Listed entries Start Marker

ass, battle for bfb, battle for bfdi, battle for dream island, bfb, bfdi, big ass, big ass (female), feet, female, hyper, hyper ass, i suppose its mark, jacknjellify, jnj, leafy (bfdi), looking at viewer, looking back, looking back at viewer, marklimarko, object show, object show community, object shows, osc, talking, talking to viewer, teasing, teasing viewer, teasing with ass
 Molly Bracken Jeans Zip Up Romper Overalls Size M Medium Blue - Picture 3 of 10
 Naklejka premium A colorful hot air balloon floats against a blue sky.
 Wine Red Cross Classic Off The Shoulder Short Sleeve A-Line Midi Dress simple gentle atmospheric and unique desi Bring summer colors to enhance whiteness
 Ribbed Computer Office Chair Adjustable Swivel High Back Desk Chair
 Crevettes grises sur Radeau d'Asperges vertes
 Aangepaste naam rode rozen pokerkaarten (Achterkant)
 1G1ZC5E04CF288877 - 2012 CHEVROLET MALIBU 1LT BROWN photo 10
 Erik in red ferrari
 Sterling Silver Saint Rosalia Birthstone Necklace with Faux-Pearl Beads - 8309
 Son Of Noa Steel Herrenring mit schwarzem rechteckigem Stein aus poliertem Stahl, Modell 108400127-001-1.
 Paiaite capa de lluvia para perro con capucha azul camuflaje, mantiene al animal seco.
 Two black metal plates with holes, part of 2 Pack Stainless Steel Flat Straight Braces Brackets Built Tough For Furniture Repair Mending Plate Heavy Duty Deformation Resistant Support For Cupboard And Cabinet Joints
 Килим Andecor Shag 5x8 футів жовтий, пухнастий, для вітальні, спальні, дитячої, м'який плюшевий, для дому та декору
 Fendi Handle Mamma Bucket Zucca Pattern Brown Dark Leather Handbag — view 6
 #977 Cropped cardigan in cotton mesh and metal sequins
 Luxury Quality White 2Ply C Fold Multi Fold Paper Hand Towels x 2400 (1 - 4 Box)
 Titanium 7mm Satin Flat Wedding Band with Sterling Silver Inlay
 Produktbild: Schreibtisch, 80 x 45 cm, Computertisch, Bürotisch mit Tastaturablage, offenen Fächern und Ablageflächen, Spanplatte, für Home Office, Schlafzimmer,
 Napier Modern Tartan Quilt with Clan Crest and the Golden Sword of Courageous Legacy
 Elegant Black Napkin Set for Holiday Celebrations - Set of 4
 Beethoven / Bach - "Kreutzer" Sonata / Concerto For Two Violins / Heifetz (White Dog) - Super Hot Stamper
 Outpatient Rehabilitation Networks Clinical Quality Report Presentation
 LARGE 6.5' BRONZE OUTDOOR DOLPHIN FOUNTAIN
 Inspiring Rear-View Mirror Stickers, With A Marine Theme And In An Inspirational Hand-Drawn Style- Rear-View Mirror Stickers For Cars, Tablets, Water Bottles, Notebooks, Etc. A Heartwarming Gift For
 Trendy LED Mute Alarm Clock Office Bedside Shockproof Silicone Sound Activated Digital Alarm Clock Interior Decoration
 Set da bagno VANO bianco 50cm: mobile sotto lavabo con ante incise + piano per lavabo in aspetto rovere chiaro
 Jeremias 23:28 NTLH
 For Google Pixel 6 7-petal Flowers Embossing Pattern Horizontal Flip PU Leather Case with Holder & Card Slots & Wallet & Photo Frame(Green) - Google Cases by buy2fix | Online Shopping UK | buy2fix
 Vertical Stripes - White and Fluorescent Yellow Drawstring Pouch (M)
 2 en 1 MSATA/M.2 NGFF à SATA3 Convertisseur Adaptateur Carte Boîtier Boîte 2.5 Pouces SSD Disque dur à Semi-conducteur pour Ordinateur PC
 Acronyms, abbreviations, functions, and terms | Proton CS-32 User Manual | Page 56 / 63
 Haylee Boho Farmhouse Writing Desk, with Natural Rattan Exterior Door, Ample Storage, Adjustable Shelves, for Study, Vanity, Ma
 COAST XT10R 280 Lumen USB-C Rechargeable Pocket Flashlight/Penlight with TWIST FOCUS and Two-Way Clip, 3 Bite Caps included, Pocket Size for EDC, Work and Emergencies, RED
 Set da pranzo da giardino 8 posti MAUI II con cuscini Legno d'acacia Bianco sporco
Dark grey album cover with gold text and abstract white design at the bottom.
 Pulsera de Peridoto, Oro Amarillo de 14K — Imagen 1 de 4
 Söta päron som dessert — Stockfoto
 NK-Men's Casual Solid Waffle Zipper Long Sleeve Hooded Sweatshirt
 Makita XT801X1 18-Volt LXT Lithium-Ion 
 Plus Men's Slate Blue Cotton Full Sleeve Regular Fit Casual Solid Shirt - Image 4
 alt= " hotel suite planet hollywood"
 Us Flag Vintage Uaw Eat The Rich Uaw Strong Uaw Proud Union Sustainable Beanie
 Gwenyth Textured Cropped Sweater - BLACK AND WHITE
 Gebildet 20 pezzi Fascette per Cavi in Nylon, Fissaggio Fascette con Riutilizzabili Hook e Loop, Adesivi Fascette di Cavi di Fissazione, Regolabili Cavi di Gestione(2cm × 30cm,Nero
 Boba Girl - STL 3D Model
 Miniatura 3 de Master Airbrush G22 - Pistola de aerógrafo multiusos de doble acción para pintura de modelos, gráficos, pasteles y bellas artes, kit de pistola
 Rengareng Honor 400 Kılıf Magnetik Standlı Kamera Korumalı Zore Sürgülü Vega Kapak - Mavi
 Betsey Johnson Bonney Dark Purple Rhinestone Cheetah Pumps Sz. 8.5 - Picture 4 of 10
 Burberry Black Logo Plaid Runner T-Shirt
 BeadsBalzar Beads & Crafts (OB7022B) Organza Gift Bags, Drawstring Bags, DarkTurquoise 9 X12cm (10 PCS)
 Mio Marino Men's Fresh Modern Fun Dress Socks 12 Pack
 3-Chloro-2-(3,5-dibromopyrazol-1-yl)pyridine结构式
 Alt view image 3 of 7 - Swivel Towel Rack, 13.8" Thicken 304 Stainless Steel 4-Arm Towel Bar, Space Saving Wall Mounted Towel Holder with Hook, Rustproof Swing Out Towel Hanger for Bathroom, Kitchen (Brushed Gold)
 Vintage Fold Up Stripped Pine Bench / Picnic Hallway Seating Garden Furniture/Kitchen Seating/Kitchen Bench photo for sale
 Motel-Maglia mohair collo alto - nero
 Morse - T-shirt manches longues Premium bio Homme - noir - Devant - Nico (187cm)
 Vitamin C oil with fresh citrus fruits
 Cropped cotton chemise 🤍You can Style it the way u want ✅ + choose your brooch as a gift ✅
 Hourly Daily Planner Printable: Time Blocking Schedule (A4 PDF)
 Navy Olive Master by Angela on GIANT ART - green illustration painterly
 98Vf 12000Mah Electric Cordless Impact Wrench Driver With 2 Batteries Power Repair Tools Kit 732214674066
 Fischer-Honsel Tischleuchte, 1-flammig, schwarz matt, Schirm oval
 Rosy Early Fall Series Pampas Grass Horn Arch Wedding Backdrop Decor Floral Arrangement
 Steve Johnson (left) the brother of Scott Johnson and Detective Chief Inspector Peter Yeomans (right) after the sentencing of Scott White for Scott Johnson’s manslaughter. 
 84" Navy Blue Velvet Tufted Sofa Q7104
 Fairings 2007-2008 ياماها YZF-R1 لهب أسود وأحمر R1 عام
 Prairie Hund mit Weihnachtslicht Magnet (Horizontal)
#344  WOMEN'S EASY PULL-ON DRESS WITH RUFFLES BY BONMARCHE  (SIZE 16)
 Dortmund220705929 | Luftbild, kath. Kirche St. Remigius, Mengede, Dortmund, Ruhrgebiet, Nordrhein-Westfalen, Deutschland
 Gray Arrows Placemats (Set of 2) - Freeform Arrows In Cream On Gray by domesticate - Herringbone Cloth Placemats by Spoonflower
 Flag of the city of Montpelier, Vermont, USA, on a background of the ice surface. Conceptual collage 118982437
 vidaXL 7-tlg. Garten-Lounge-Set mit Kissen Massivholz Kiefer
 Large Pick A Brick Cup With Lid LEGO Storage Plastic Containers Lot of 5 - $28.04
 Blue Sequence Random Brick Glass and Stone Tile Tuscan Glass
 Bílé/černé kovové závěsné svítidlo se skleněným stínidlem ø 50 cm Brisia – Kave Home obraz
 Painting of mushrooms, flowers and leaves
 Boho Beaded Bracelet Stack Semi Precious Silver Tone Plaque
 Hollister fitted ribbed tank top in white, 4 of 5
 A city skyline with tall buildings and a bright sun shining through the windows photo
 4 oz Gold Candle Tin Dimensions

Listed entries End Marker

Work to complete: Both the line containing "Rosy Early Fall" and the line containing "Bílé/černé kovové závěsné" belong in the answer. Print them and every line above that falls between them exactly, and no others.

Answer for this exercise:
 Rosy Early Fall Series Pampas Grass Horn Arch Wedding Backdrop Decor Floral Arrangement
 Steve Johnson (left) the brother of Scott Johnson and Detective Chief Inspector Peter Yeomans (right) after the sentencing of Scott White for Scott Johnson’s manslaughter. 
 84" Navy Blue Velvet Tufted Sofa Q7104
 Fairings 2007-2008 ياماها YZF-R1 لهب أسود وأحمر R1 عام
 Prairie Hund mit Weihnachtslicht Magnet (Horizontal)
#344  WOMEN'S EASY PULL-ON DRESS WITH RUFFLES BY BONMARCHE  (SIZE 16)
 Dortmund220705929 | Luftbild, kath. Kirche St. Remigius, Mengede, Dortmund, Ruhrgebiet, Nordrhein-Westfalen, Deutschland
 Gray Arrows Placemats (Set of 2) - Freeform Arrows In Cream On Gray by domesticate - Herringbone Cloth Placemats by Spoonflower
 Flag of the city of Montpelier, Vermont, USA, on a background of the ice surface. Conceptual collage 118982437
 vidaXL 7-tlg. Garten-Lounge-Set mit Kissen Massivholz Kiefer
 Large Pick A Brick Cup With Lid LEGO Storage Plastic Containers Lot of 5 - $28.04
 Blue Sequence Random Brick Glass and Stone Tile Tuscan Glass
 Bílé/černé kovové závěsné svítidlo se skleněným stínidlem ø 50 cm Brisia – Kave Home obraz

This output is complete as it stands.